Everday since she died has been extremly hard some days I struggle to have the motavation to want to get out of bed to go do something, anything with my day. And when I can get up to go out I can't fully concentrate on what I have to do that day. I find myself asking why her? why my little girl? why do little ones get taken away at all?. It was way too soon for her to be taken I honestly don't know if I will ever recover or even find it alittle easier to live with, I don't handle loosing someone I love too well never have been able to so I don't think this will even get the slightest bit easier.
It's just soo painful, I find myself longing to have her in my arms to be able to look after her when I see people with their children and pregnant women. In a way I envy them but I don't want to be doing that I don't like that sometimes I do that but I can't help it sometimes I see parents with children and pregnant women in town or something and I think to myself they are soo lucky they are experiencing what I should be experiencing the joy of bringing up children loving them, caring for them.

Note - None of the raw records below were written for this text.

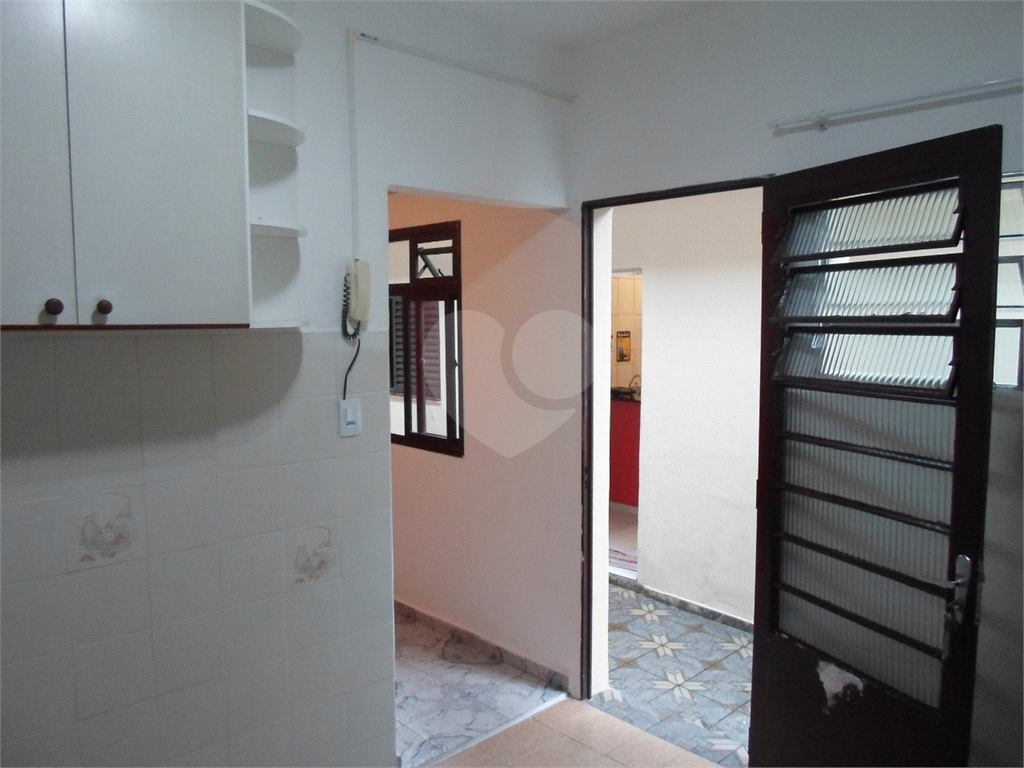 CASA em SÃO JOÃO CLÍMACO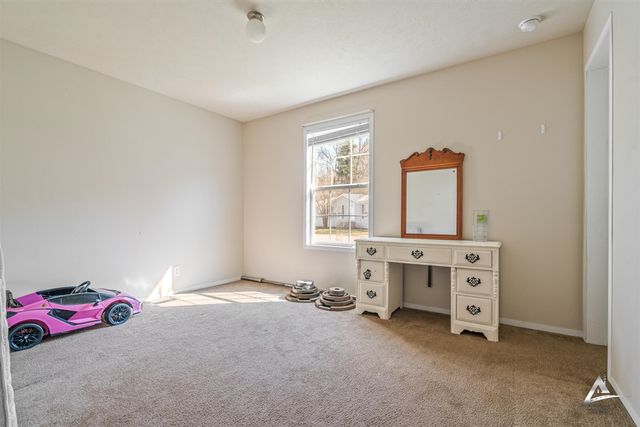 885 Buttonwood Drive, Middleville, MI 49333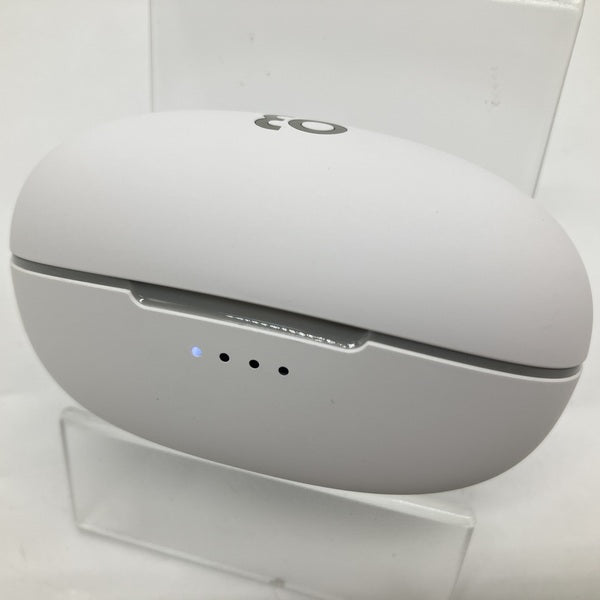 e☆イヤホン 【中古】EO SPACE【日本橋】 – e☆イヤホン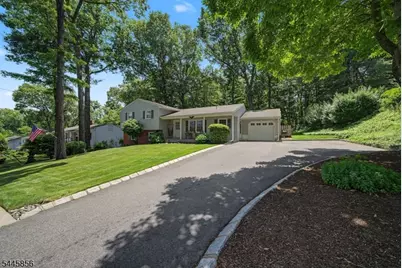 14 Arlington Drive, Denville, NJ 07834 - Photo 46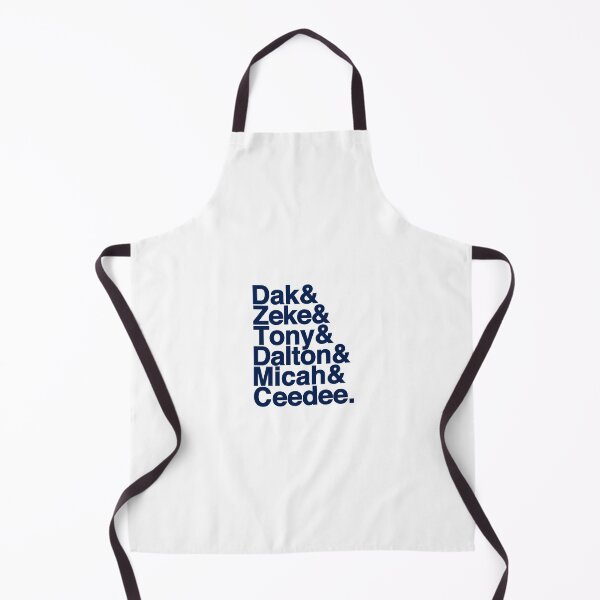 Item preview, Dallas Jetset (Variant) designed and sold by huckblade.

Friends of mine have children which makes it even harder plus my partner has nephews but for some reason I find it easier to be around little boys than little girls. That's most probably because the baby I lost was my little girl so its painful to see little girls running round living life and having fun which leaves me thinking that it should be my little girl living life and having fun maybe not running around because she was only a baby but still living life.
Family, friends and my partner have said I can go to any of them for chat but I find it hard to talk to them so that's why I have been looking for sites that provide forums or chat rooms for me to talk to parents who are going through the same thing as me I think it would really help. But I'm not sure how that would go as this is my first and hopefully my last experience of losing a child. I guess I am looking for advice maybe support from non-family members and a nice chat so I don't feel alone in this I know I have my partner but it does to be honest feel like it's just me sometimes not always but sometimes.